Nonetheless, the organization doesn’t “play for any particular team.”
“Our job is to protect the Jewish people,” Greenblatt said.
“I don’t make the decisions I do based on how do I think this affects our, quote, ‘reputation.’ I do it based on, am I able to keep our community safe?”
The criticism of Greenblatt was scathing.
“This is ADL’s game,” Pulitzer Prize-winning journalist Glenn Greenwald wrote on X.
“Their key weapon is the antisemitism accusation.

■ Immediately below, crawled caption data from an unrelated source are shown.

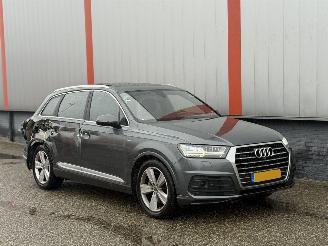 Schadeauto Audi Q7 3.0 TFSI QUATTRO S LINE + 7 PERS 2015/1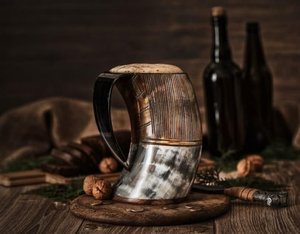 Mug en corne artisanal personnalisé avec gravure viking, en céramique, hautement poli, en corne naturelle d'Inde, pour vin et bière - Product Image 2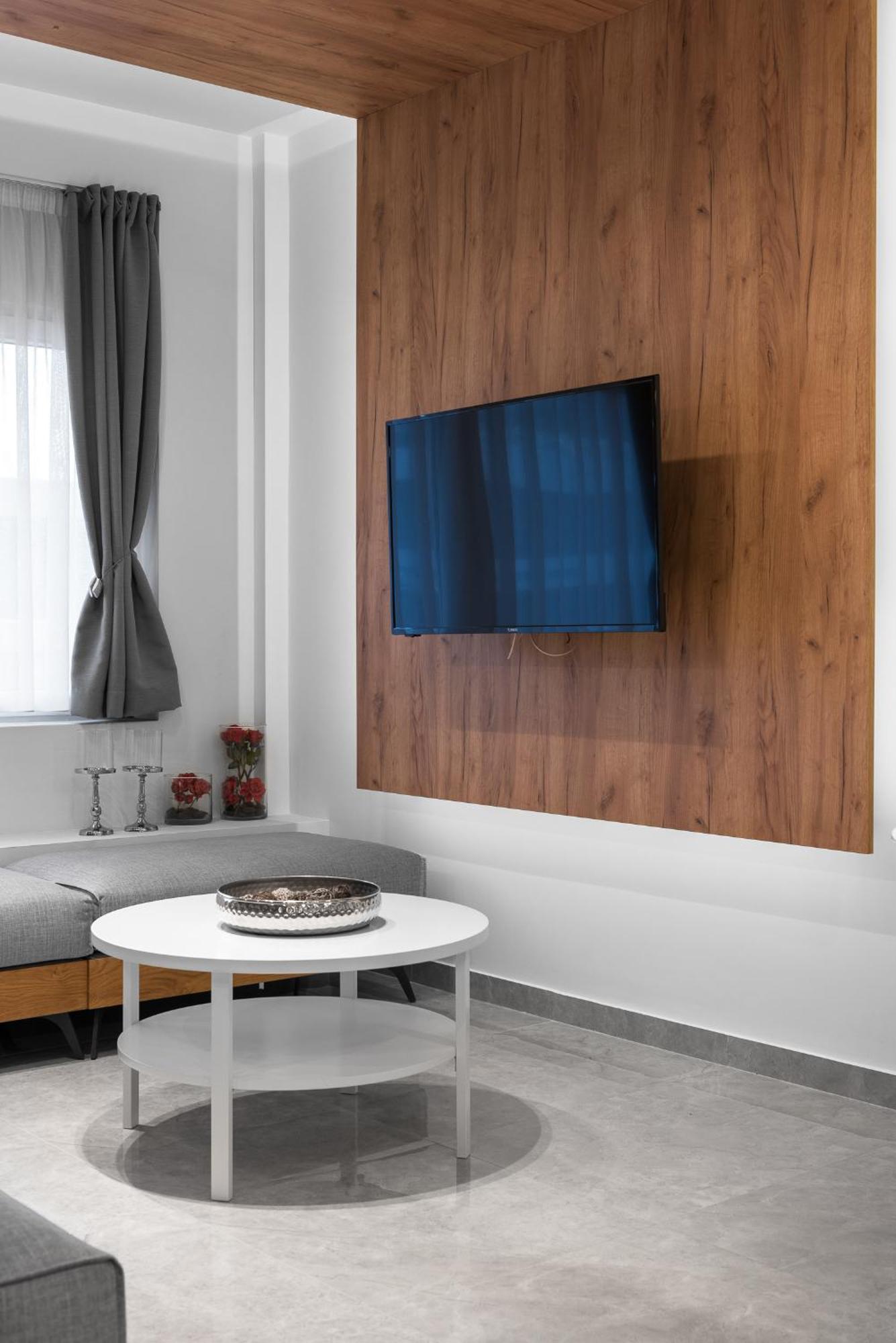 Wood N White, Nilie Hospitality Mgmt Thessaloniki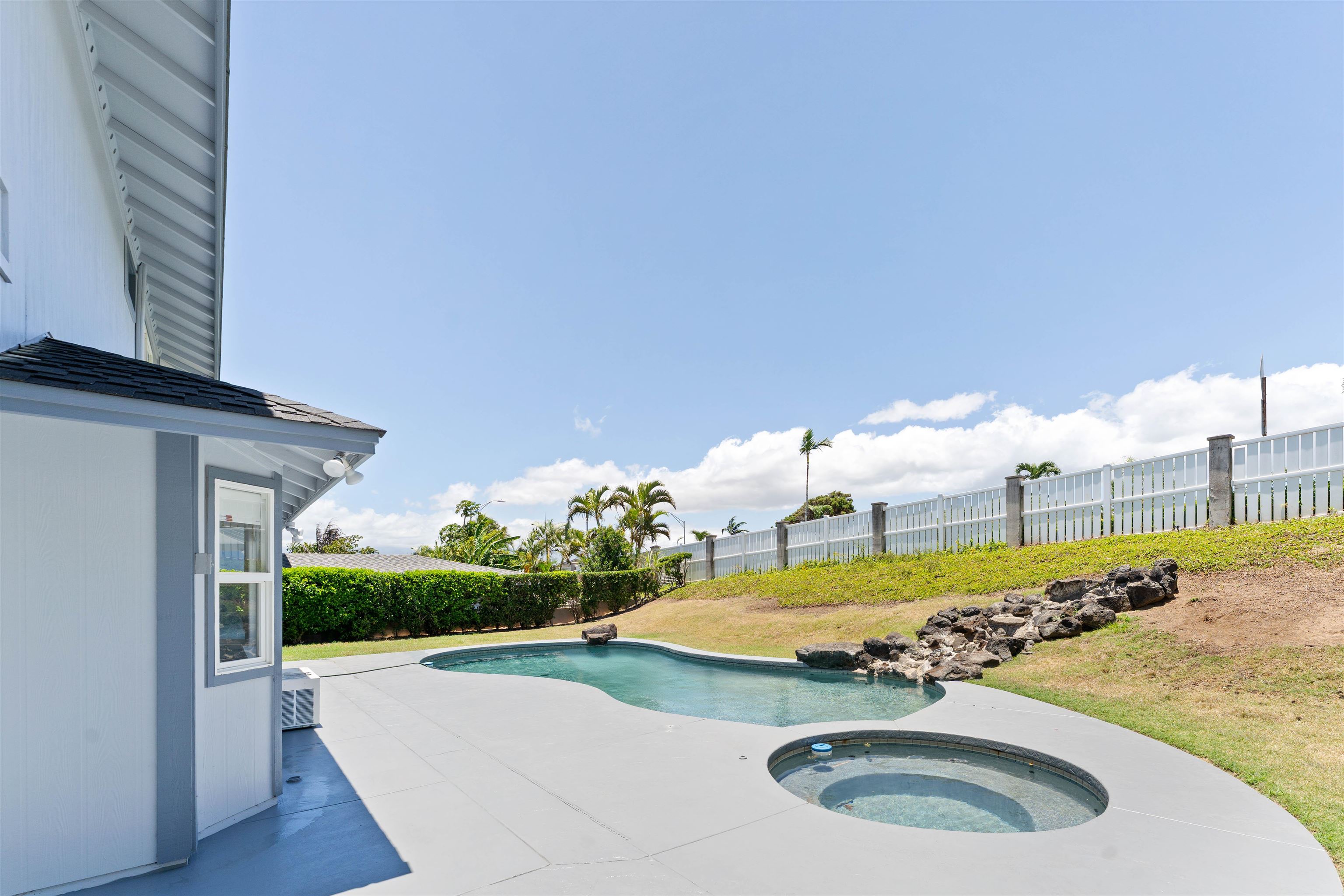 270  Puumakani St Maui Lani, Kahului home - photo 17 of 20
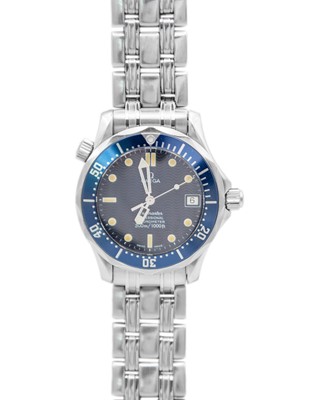 Lot 654 - OMEGA - A Seamaster Professional Diver Chronometer gentleman's automatic bracelet wristwatch.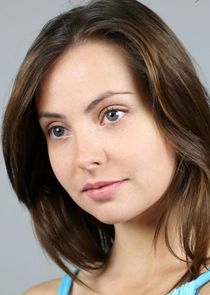 Ирина, ассистентка Анны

Once they pin that to someone’s forehead, the only way out is give ADL what they want.”
Greenwald wrote that “usually it’s cash” though with Musk, the ADL “extracted something more valuable: banning of political slogans Israel dislikes.”
The Post has sought comment from the ADL.
Prior to the Oct. 7 attacks by Hamas against Israel, Musk and the ADL were engaged in a months-long public spat in which the mogul accused the group of attempting to scare off advertisers by fabricating claims the social media platform was promoting antisemitic content.
Musk on Tuesday followed through on his threat to file a “thermonuclear lawsuit” against the left-leaning, nonprofit watchdog Media Matters for America, which published a report accusing X of allowing ads to appear alongside pro-Nazi content.
X said its system does not intentionally place brands “actively next to this kind of content,” and that the content cited by Media Matters would no longer be able to make money off its posts.
Scores of Jewish leaders called for other companies to halt ads on X following the report’s publication.